In his most recent appearance on Hugh Hewitt’s talk radio show, New Yorker staff writer Ryan Lizza talked about the Republican establishment’s disdain for Newt Gingrich — and Hewitt pointed out that the coalition against the former House Speaker’s candidacy goes well beyond them.
Here’s the transcript:

LIZZA: one thing about Gingrich that has just sort of shocked me, and maybe I should have realized this, but the level of hostility towards this guy  from frankly the Washington Republican establishment, is off the charts. I’ve been, I don’t get out much. I have two small kids. But I’ve been  going to a few holiday parties here in D.C., and all the conversations,  of course, are about Gingrich. And I mean, there are Republicans in this town who are saying that they would vote for Obama before they would  vote for Newt Gingrich in a general election.

HEWITT: Yeah.

LIZZA: And so this may be something you can help me understand. There’s a major mismatch here between, for lack of better words, the Republican  establishment and the people who are telling pollsters that they like  Newt better than Romney.

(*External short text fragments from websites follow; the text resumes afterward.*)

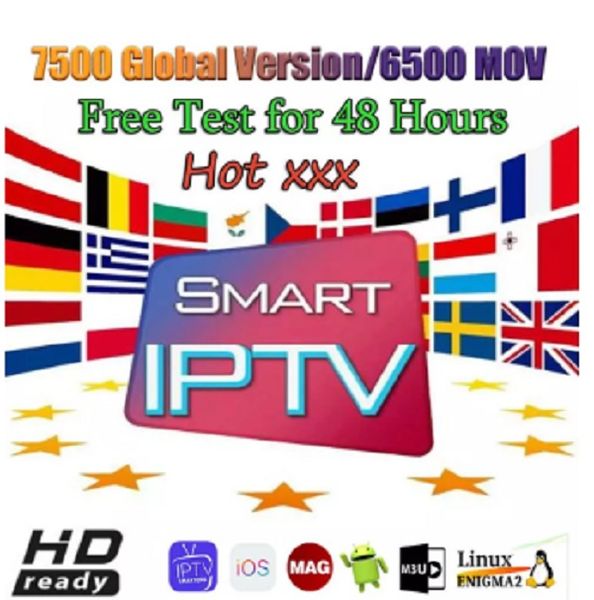 

smart ip tv full hd 1080p android player smarters pro show 24 hours test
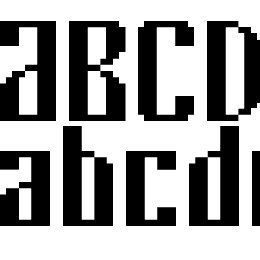 Cyrillic Pixel-7 Font File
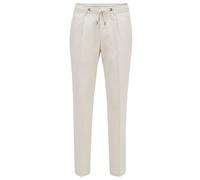 Men's Boss Bardon Trousers in Cream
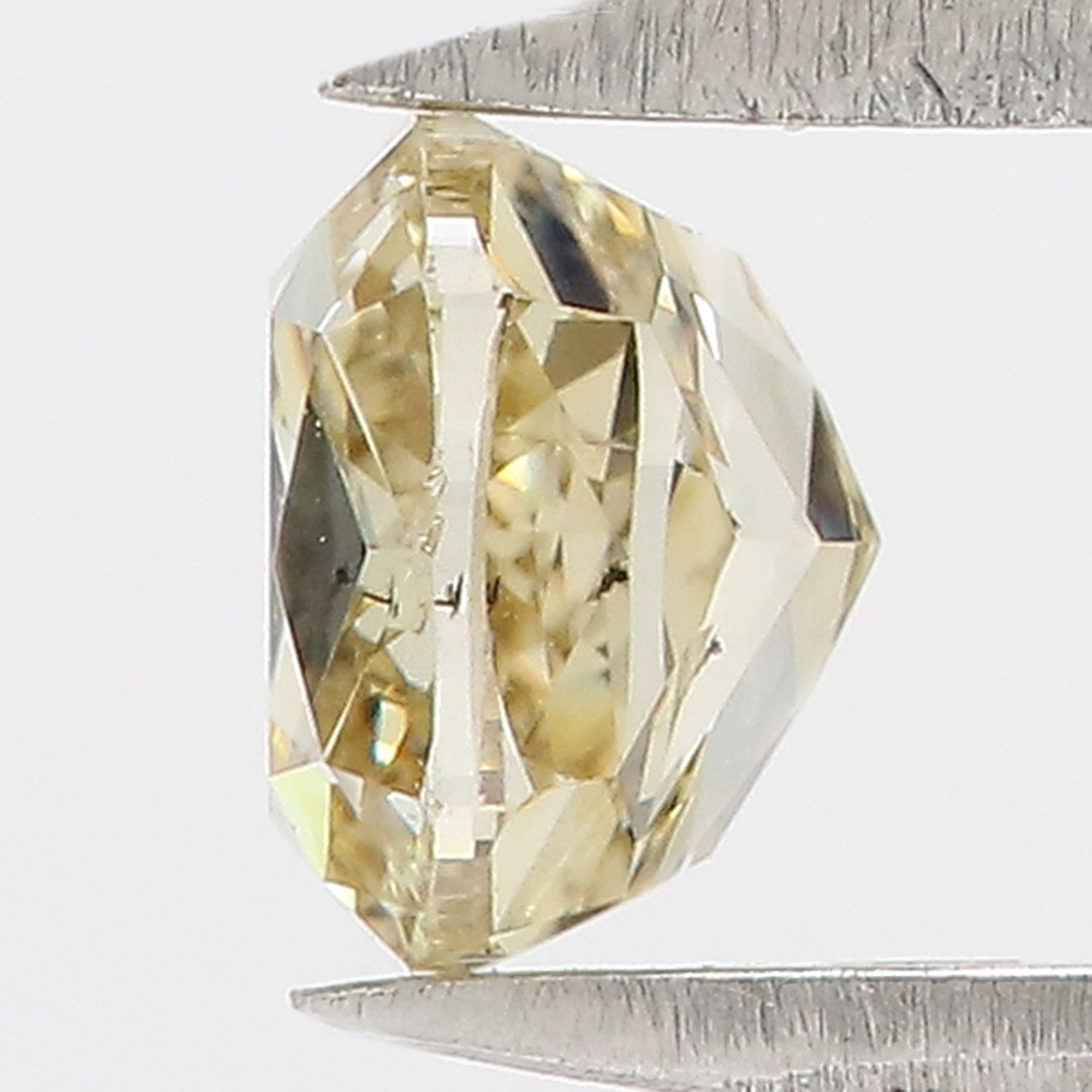 0.71 CT Natural Loose Cushion Shape Diamond Yellow Color Cushion Diamond 4.90 MM Natural Brown Diamond Cushion Brilliant Cut Diamond QL5778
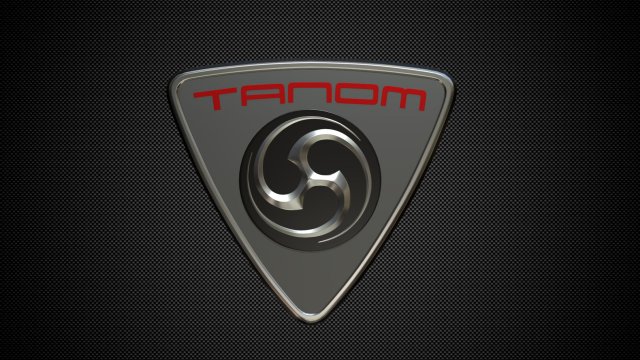 tanom logo 3D 模型 .c4d .max .obj .3ds .fbx .stl .blend 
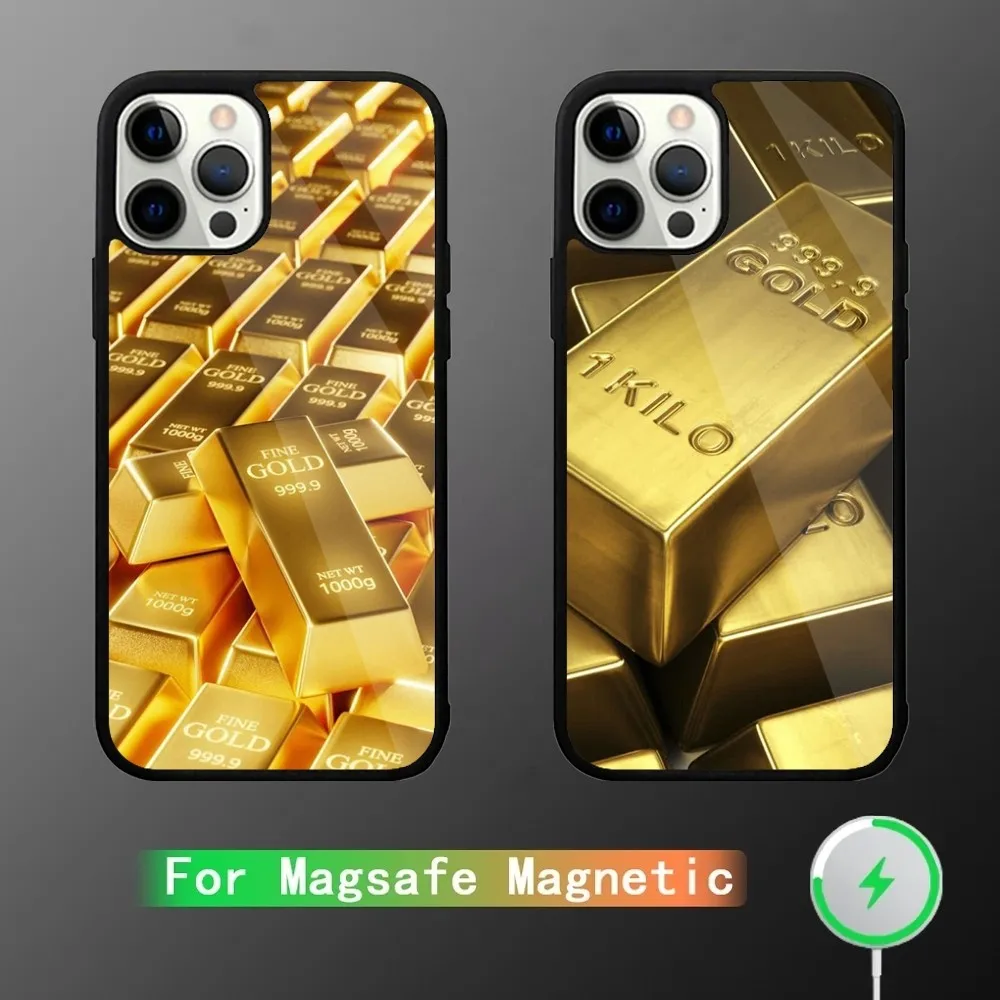 

Fine Gold 999 Pattern Phone Case For iPhone 15,14,13,12,11,Plus,Pro,Max Mini Magsafe Magnetic Wireless Charging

HEWITT: What’s interesting, Ryan, I think there are two camps. They’re,  you know, Ann Coulter and Mark Steyn, neither of whom fit the term  Washington insider…

LIZZA: Right, right.

HEWITT: Both has lacerated Newt Gingrich on ideas. Then, there is that  great silence from everyone who served with him in Congress. I guess  John Boehner broke that silence with Mike Allen today. I haven’t read  it, yet. I was told by Chris Cillizza that Boehner damned with faint  praise today. So there is a Beltway hostility, but there is a public  intellectual hostility that I think goes to his ideas, which are not, in the final analysis, conservative.

LIZZA: And a lot of conservative intellectuals don’t respect him, and  think he’s been all over the place, and he latches onto whatever the  hot, new thing is, and then drops it two seconds later, and doesn’t have an attention span.

It is difficult to imagine Gingrich winning the GOP nomination with a coalition this diverse arrayed against him. And even less so when he’s widely thought to be the weaker general election candidate.
As Lizza put it later in the same conversation:

You can’t find a Democrat in Washington who thinks that Newt  Gingrich would be a better candidate, would be more likely to beat Obama than Romney. I mean, it’s just, I’ve searched for these people. I’ve  searched for the counter argument here, the sort of person who’s  thinking outside the box and says oh, wait a second, actually Gingrich  would be tougher to beat.
You can’t find that person.

Also hard to find: prominent champions of the proposition that Gingrich should be president. Absent that, I don’t think he can win.